Sorry to necro this thread, but I am looking to update my iPad control setup (TouchOSC) and am working out what the best option is. I actually bought Composer Tool Pro like 2 years ago but never got round to setting it up. Metagrid looks super slick and obvs comes with a lot of Logic control functionality built in. Can you create MIDI CC/pitchbend faders though? Or XY CC pads? Am I right in thinking that CTPro has some clever communication whereby the control template for the track you select is automatically presented? It looks like it's likely to feel clunky in the Lemur shell, is that the case? Does it support iPad Pro? Which is going to be easiest to setup with a ton of libraries?

Any thoughts much appreciated.


----------



## octave music (Feb 2, 2021)

NoOneKnowsAnything said:


> I love UACC and only wish all the Spitfire Player titles had the same pop up as the Kontakt instruments do. I use Metagrid and an iPad.

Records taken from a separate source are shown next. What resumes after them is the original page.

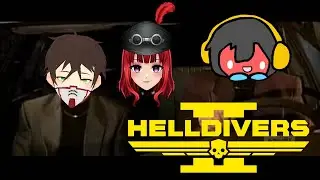 What is liberty? (Helldivers 2 ft. Ember & Hazeshift) #Vtuber #VtuberEN #indivtuber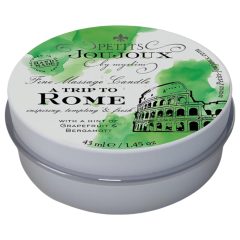   Petits Joujoux Rome - masszázsgyertya - grapefruit-bergamot (43ml)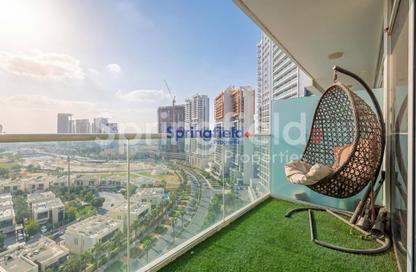 Apartment - Studio - 1 for sale in Carson B - Carson - Damac Hills - Dubai Apartment - Studio - 1 for sale in Carson B - Carson - Damac Hills - Dubai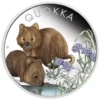 2023 1oz Australia Quokka .9999 Silver Proof Colorized Coin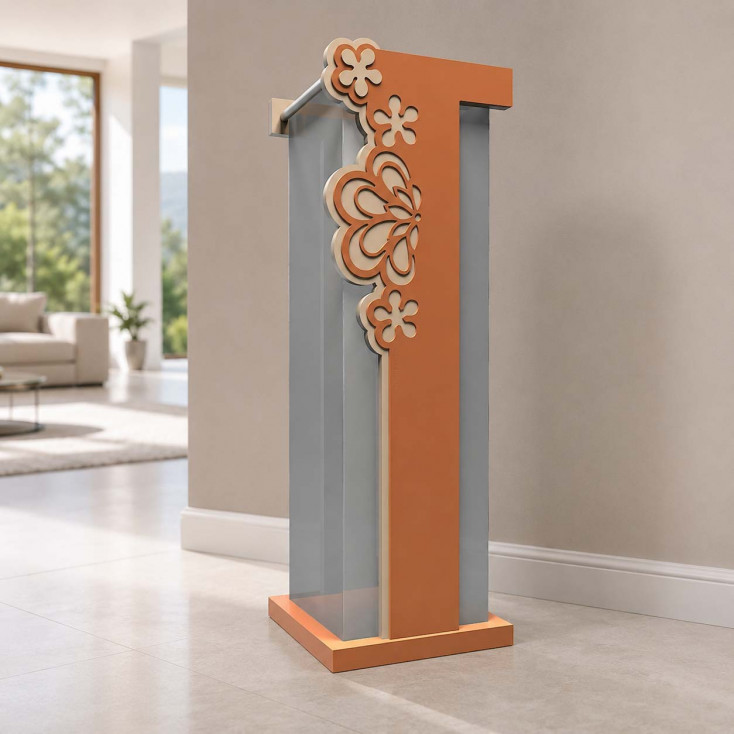 Portaombrelli di design moderno in legno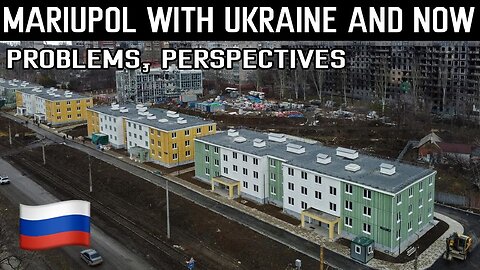 PAST,PRESENT AND FUTURE OF MARIUPOL DOCUMENTARIO GENNAIO 2024 RESIDENTE DELLA CITTà MOSTRA LA CITTà RUSSA DOPO LA VITTORIA SUI NAZISTI E SATANISTI UCRAINI DEL BATTAGLIONE AZOV FACENTI PARTE DELL'ONA FINANZIATI DA USA,UE E NATO DEL MAGGIO 2022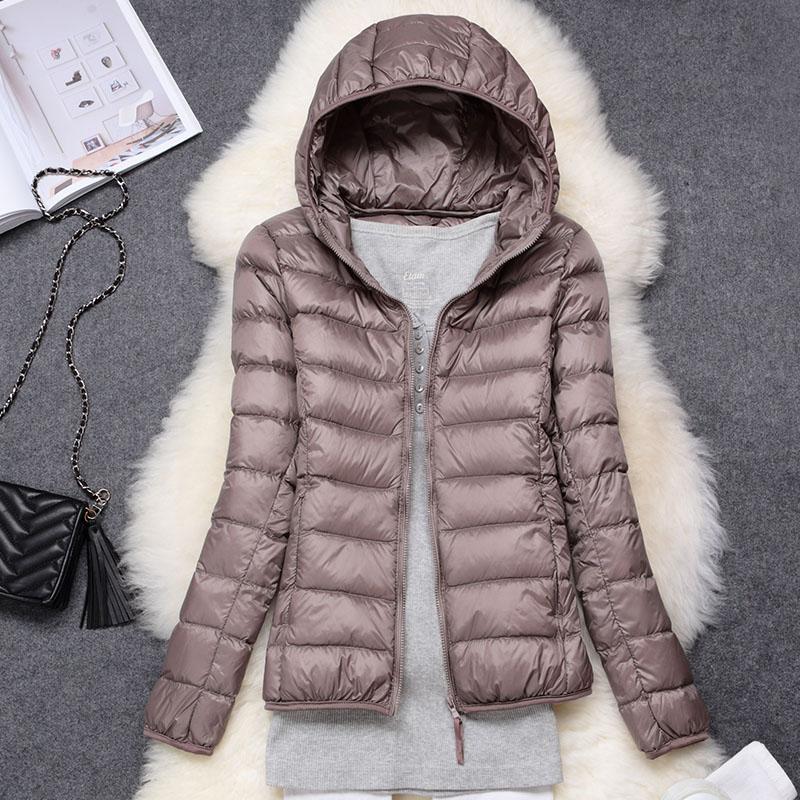 Nord™ | Nueva chaqueta impermeable con relleno de plumón de pato blanco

That is a good looking UACC template you built there! I built my first one last evening in Metagrid and when I tested it out, I'm having to press the various articulation buttons 2 or 3 times to get them to send out the UACC info to change the articulation. Ever heard of that? Each press is lighting up my MIDI monitor but only the 2nd or 3rd press of the same button is sending the actual MIDI channel 32 change data. I tested it by recording the MIDI track and seeing what it records. Any idea what that could be? Thanks!


----------